Geçtiğimiz Cuma akşamı Aydın Valiliği’nce Atatürk Kent Meydanı’nda düzenlenen 15 Temmuz Demokrasi ve Milli Birlik Günü etkinliklerini takip etmek üzere evden çıkarak Çine Caddesi’nden şehir içi minibüsüne bindim.
Minibüsün kaptan tarafındaki tekli koltuklardan birine oturarak yolu seyretmeye koyuldum. Bir yandan da minibüsün sağ tarafında oturan 4 genç kızın konuştuklarına kulak misafiri oldum istemeden. Konuşmalarından üniversite öğrencisi olduğunu anladığım kızlardan biri, “Okulun bitmesine bir sene kaldı, ne yapacağız?” diye sordu arkadaşına. Arkadaşı da “Bir sene uzun bir süre mi?” dedi. Bunun üzerine kız, “Hayır, kısa bir süre. Sorun da bu zaten” diye yanıt verdi arkadaşına. Genç kızların sohbeti, KPSS puanı ve atamaları üzerine görüş alışverişleriyle sürerken oturduğum koltukta derin düşüncelere daldım gittim.
***
Ailelerinin ve kendilerinin bin bir emeğiyle sınavlara hazırlanan, üniversiteyi kazanan, 4 veya 5 yıl boyunca müfredatta yer alan dersleri geçerek, diploma almaya hak kazanan milyonlarca genç, geleceğinden kaygı duyuyor. Sayılarını bilmediğimiz ‘diplomalı işsiz’ gerçeğinin var olduğu bir ortamda nasıl kaygılanmasın ki gençler?
Memleketin kronikleşmiş hale gelen bu sorunu karşısında kimi gençler iş bulamayarak umutlarını yitiriyor kimileri ise eğitim aldıkları alanla hiç ilgisi olmayan işlerde çalışarak, ‘ekmek parası’ kazanmanın peşine düşüyor. Ortak noktaları ‘mutsuz’ oluşları.
***
On yılların bu sorunu karşısında her ile üniversite açmakla övünülmesi yerine sağlıklı bir yükseköğretim planlaması yapılsa, fakültelerin yanı sıra ara eleman yetiştiren meslek yüksekokullarına hak ettiği değer verilse acaba bugün işsizlik sorunu bu denli can yakıcı olur muydu?

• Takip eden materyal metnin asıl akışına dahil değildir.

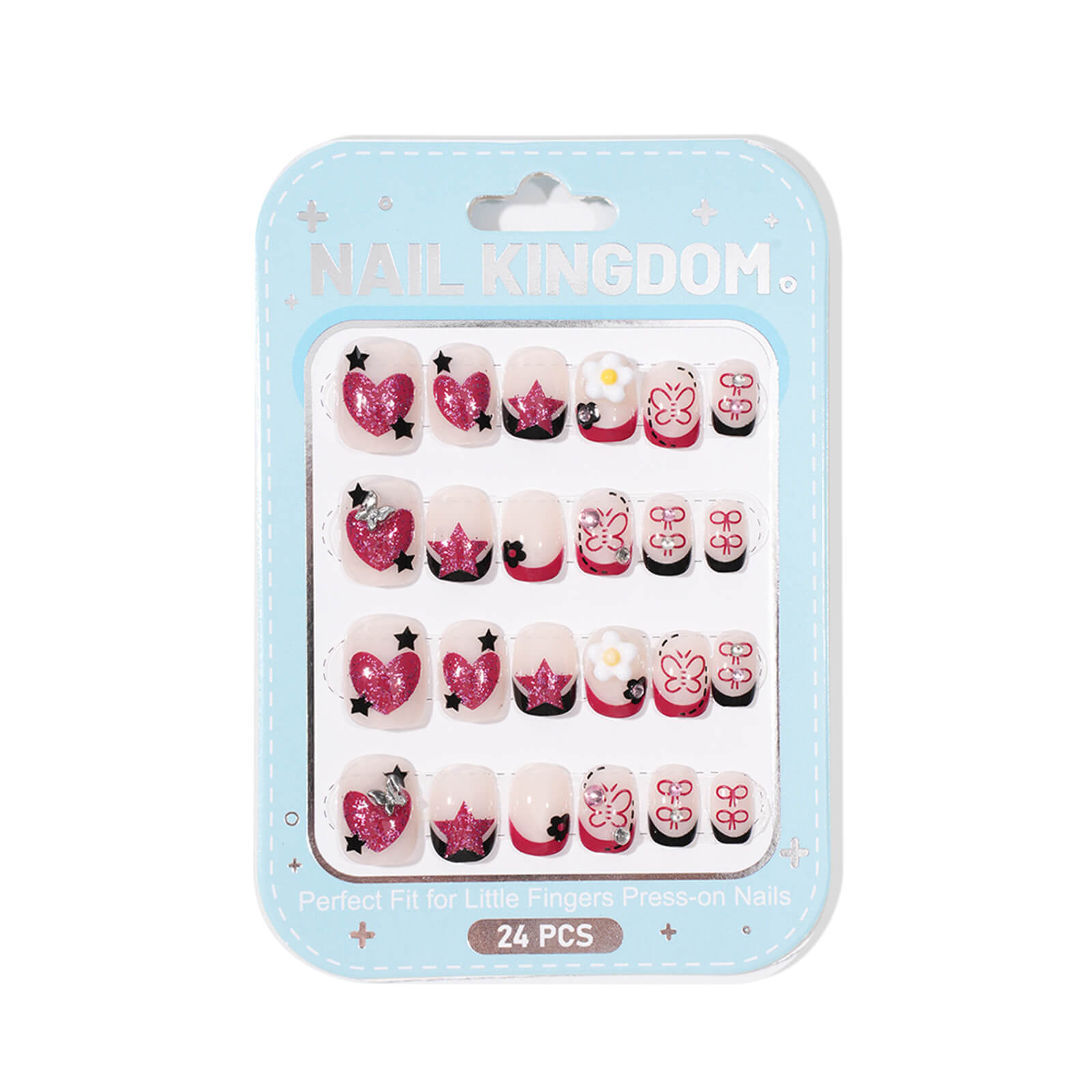 spring-garden-press-on-nails-set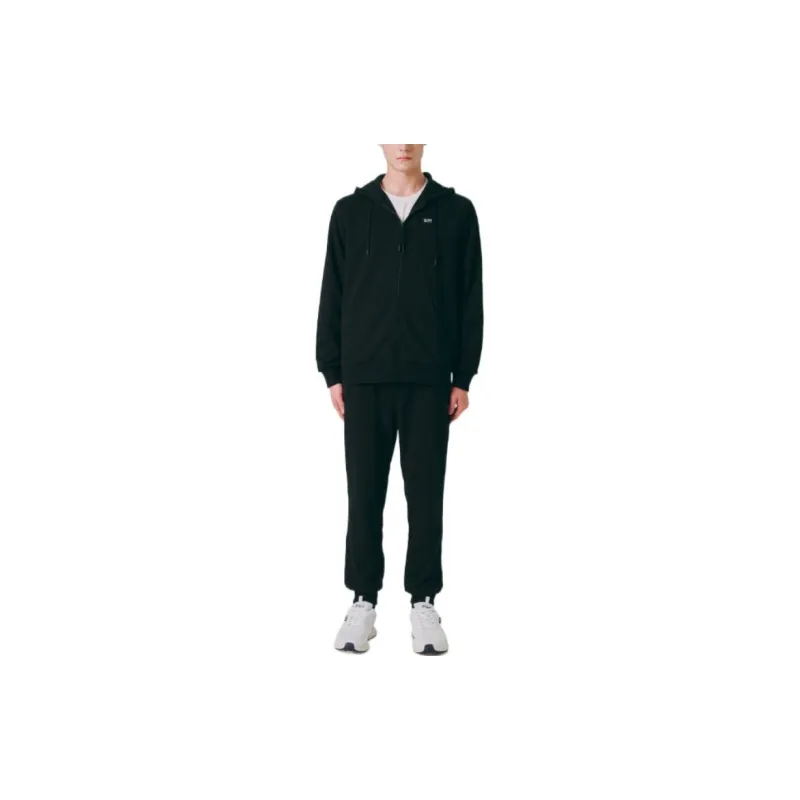 FILA Knitted Sweatpants Unisex Black-2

Aklımı bu ve bunun gibi sorular kurcalarken minibüs, Atatürk Kent Meydanı durağına geliyor ve ben omzuma astığım fotoğraf makinemle beraber ağır adımlarla haber yapacağım alana doğru yürüyorum. Kafamda hâlâ o soru: ne olacak bu gençlerin hali?